2017-04-07 Worldbuilding

I really hate useless history in setting material. That’s information that players will never discover unless it is read to them in a boring monologue. Then again, I just listened to a podcast where somebody says that the warehouses now filled with artists and lofts are there because traditional shipping and warehousing was replaced by containers. I imagined an Orientalist bazaar in the carcass of a fallen civilisation and thought, this is D&D!

But how to create this? I need a handful of layers. Each historic layer is identifiable by architecture, providing early warning signs to players, as well as signalling the kinds of traps and treasures to be found. Over it all a sequence of immigrations from the top to the bottom, letting players interact with contemporary dangers as well as older, established powers. Say, four layers, four immigration waves. Perhaps the orcs did not reach the deepest levels, perhaps there are no astral gates and their Grell invaders at the surface, so we won’t have to think about all combinations, but there will be enough variation nonetheless.

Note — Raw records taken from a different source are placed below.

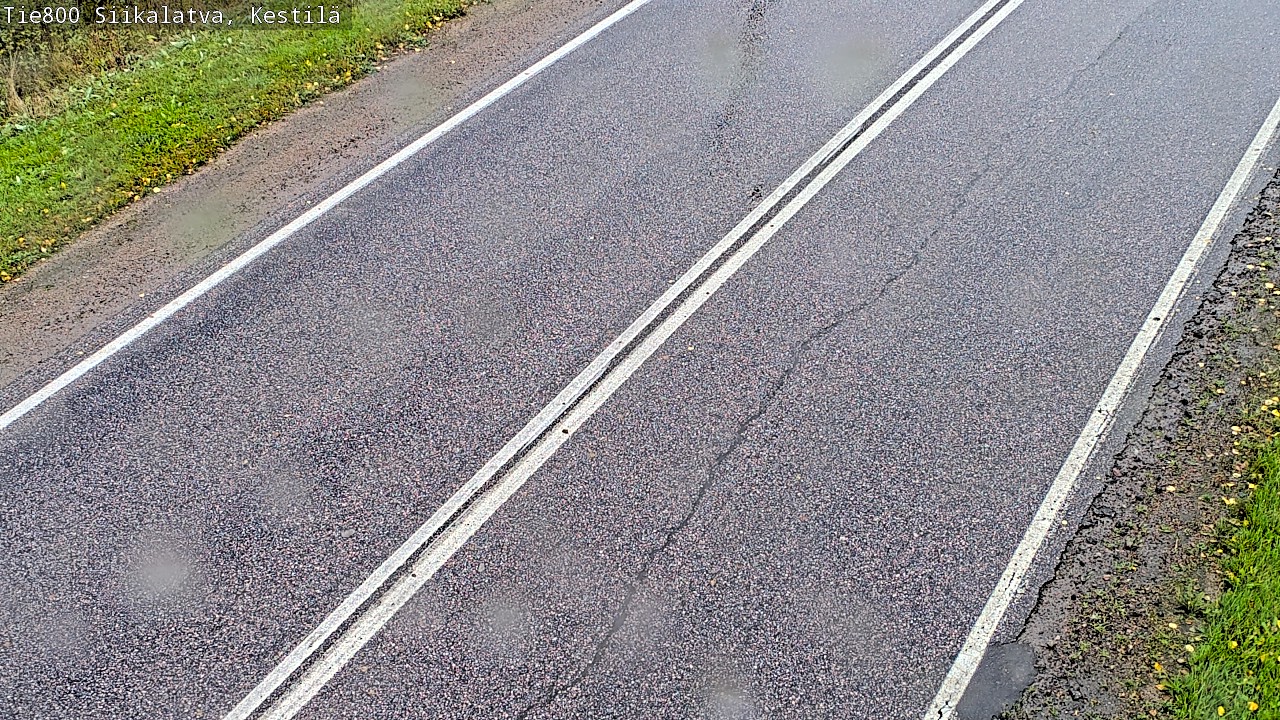 Weather Camera Image Road 800 Siikalatva Kestilä, Siikalatva, Pohjois-Pohjanmaa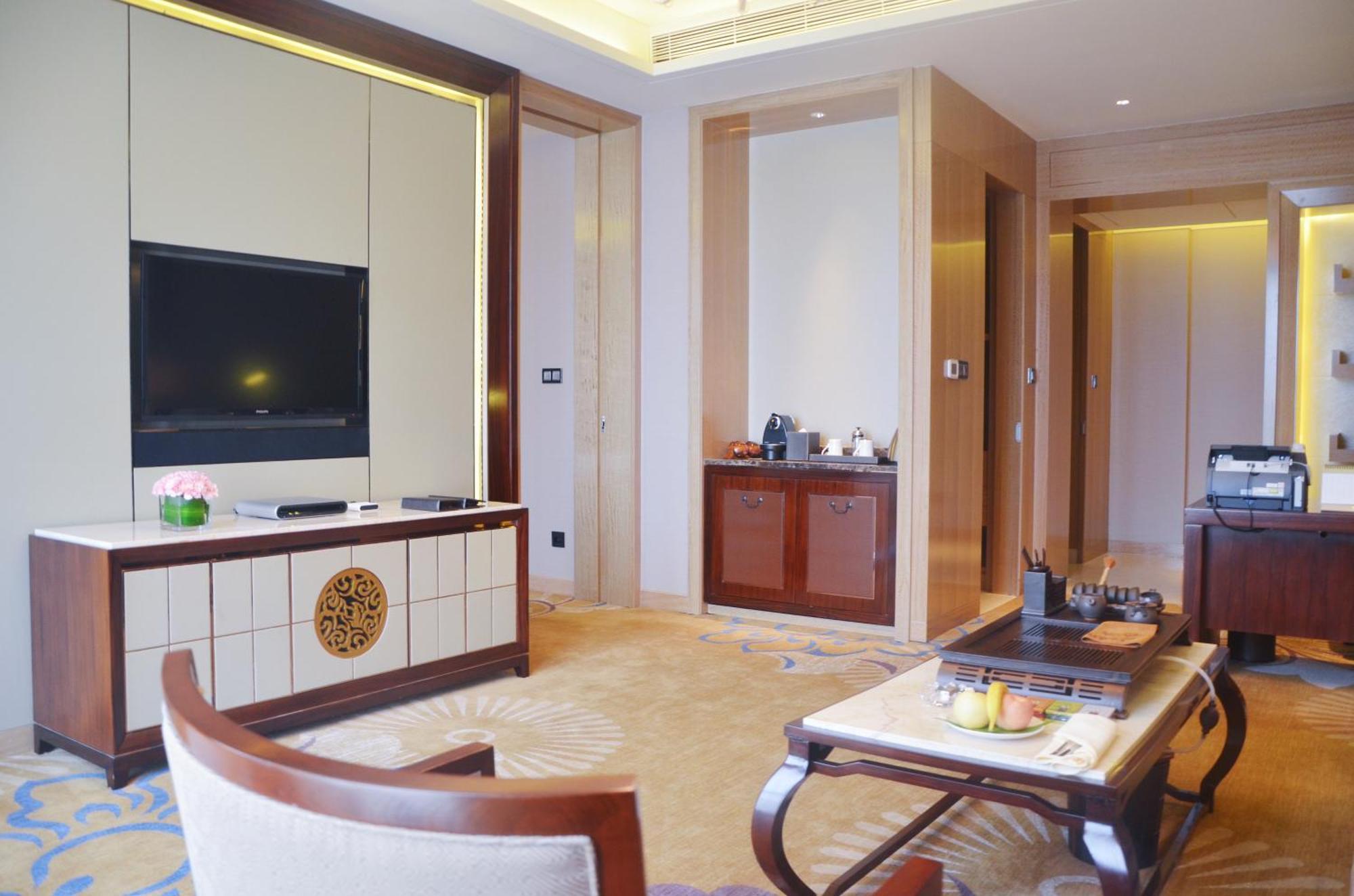 Wanda Realm Ningde Hotel Exterior photo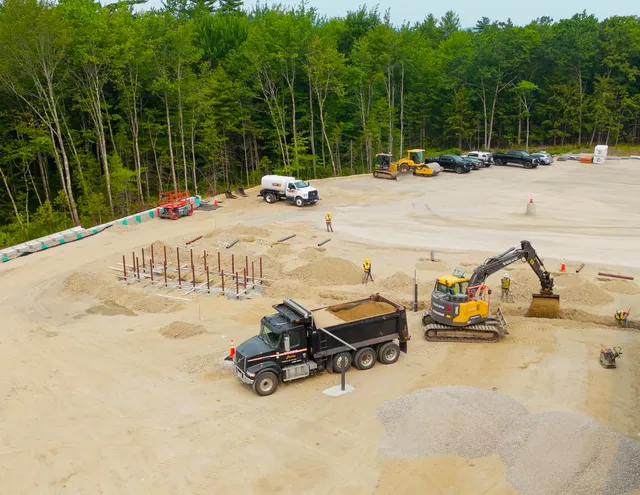 WOODS EXCAVATING work photo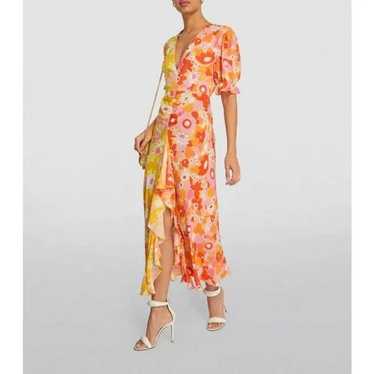 Rixo London Floral Maxi Dress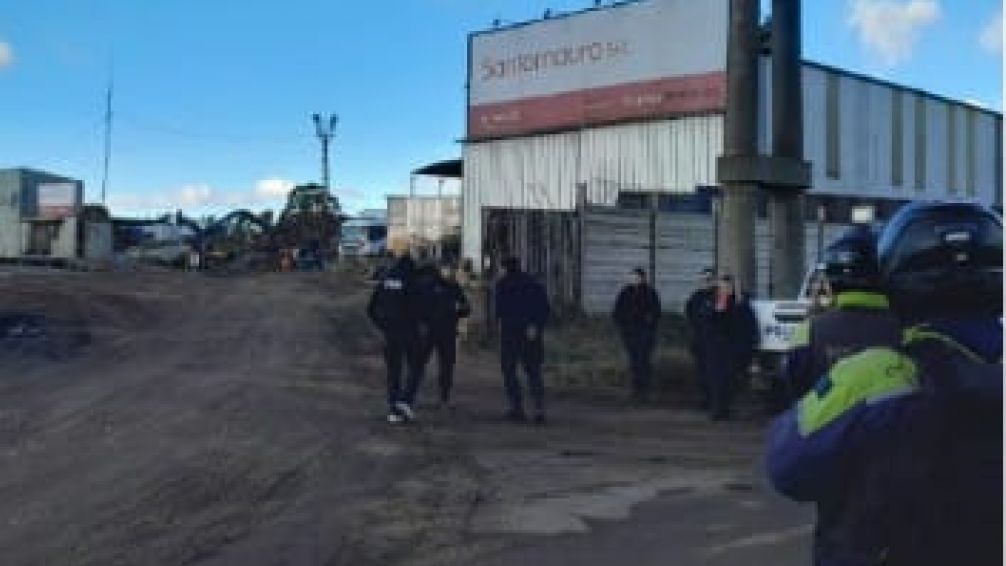 Se realizaron inspecciones a varias chatarrerías de la ciudad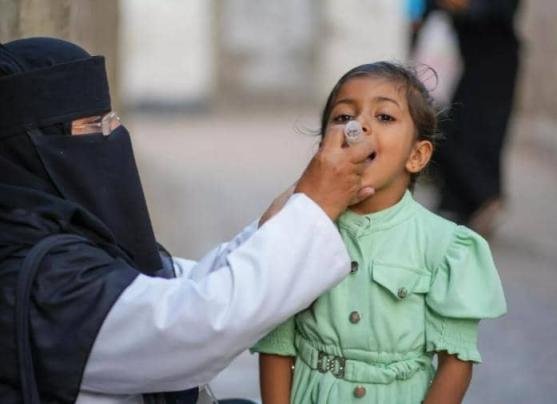 وزارة الصحة تسجل تطعيم 384 ألف طفل ضد شلل الأطفال نتائج مشجعة في اليوم الأول من الجولة الثانية للتطعيم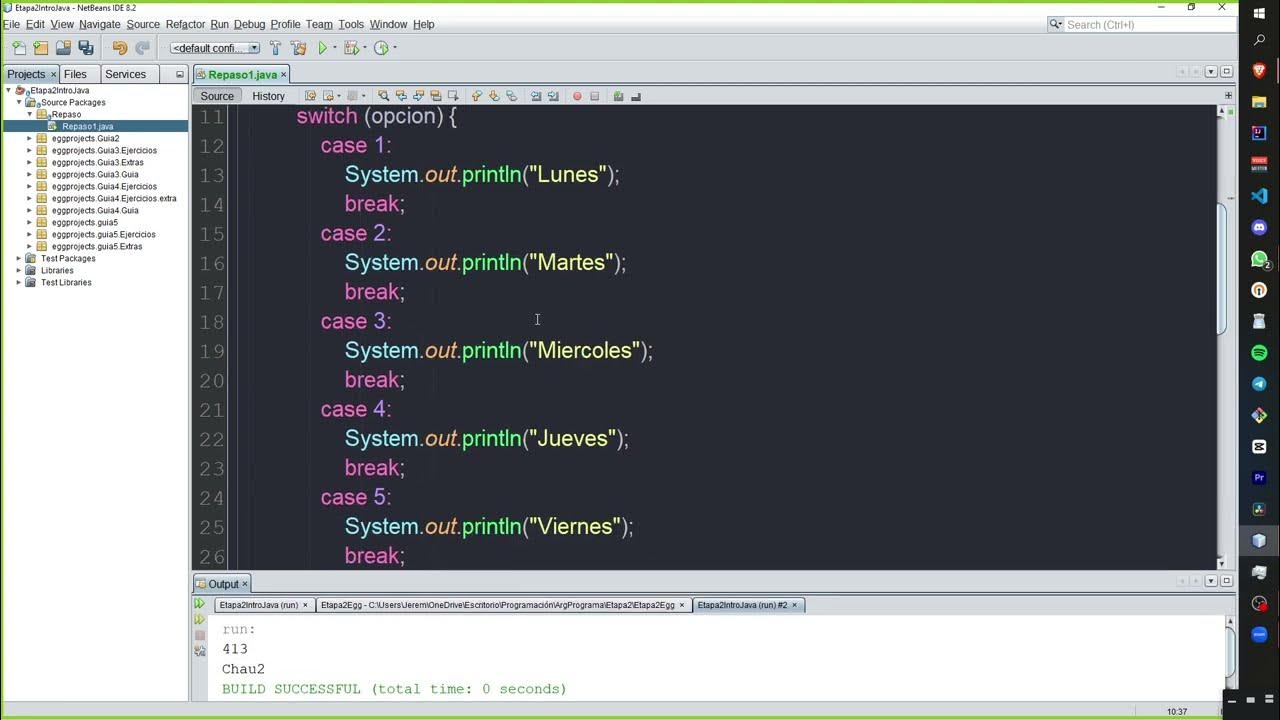FullStack Java #3: Estructuras de Control: Condicionales Simples y ...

Maybe take a sheet of paper, draw four interlinked circles for the historic layers, and on top of that, another four interlinked circles for the immigrations. Then draw a point crawl on top of that and let all the locations be influenced by the circles they are in – one or two historic layers for architecture, traps, treasure, items, and one or two immigrations for current denizens.

Instant lore and theme for your megadungeon or wilderness?

I guess you could say I want to create an underworld that feels like it might have been the result of How to Host a Dungeon without actually playing the game.